Some of you may have seen this article by Stephen King, which was in the New York Times in their Sunday Review section:
It certainly made me think about the relationship between quality and productivity. I created a lot of writing when I jump-started my creativity in June 2013. It was impossible for me not to write, and nine novellas, four short stories and thirty volumes of poetry and song lyrics poured out of me – a literary Mount Saint Helens. 2014 was devoted to writing my first novel, with a few poems thrown in for sanity’s sake.
2015 was spent chasing literary agents, and all I did creatively was write four poems. From 2016-2018, I wrote another four Cornish Detective novels, hoping that a series would be easier to query with than a stand-alone.

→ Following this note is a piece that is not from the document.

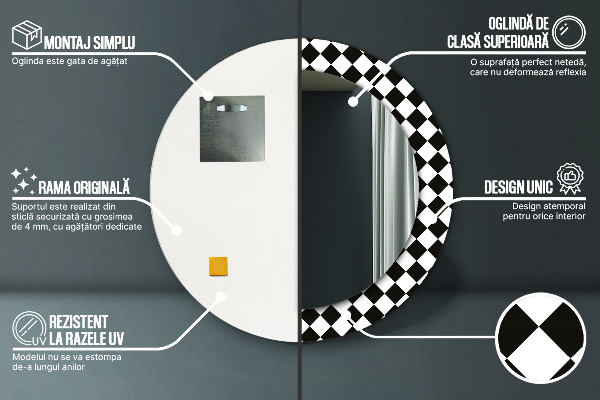 Espelho circular de parede decorativo Mesa com tabuleiro de xadrez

All of this activity has given me an appreciation of the fits and starts of some authors’ careers, as well as the production line output of others. It’s always puzzled me how some writers take so long to produce a new novel, while others appear to be one-hit-wonders. Arundhati Roy wrote The God of Small Things, which deservedly won the 1997 Booker Prize for Fiction. Although she announced that she was working on a second novel in 2007, it didn’t appear until ten years later, called The Ministry of Utmost Happiness. That’s not to say that she wasn’t busy, as she wrote many essays and become an advocate and activist for social causes.
At the other extreme is British romantic novelist Barbara Cartland. She wrote more than 700 books, leaving behind 160 unpublished manuscripts on her death at the age of 98. Her worldwide sales are estimated to be anything from 750 million to more than 2 billion copies. You might think that she would have worn her fingers away with this output, but her usual writing method was to lay on a sofa and tell the story to her secretary, who later typed it up. In this way, she created a novel in two weeks.
I’m guessing that most authors are somewhere in between Arundhati Roy and Barbara Cartland in their productivity.
What do you think about the conundrum posed that being prolific means a drop in quality, while taking time produces fine literature?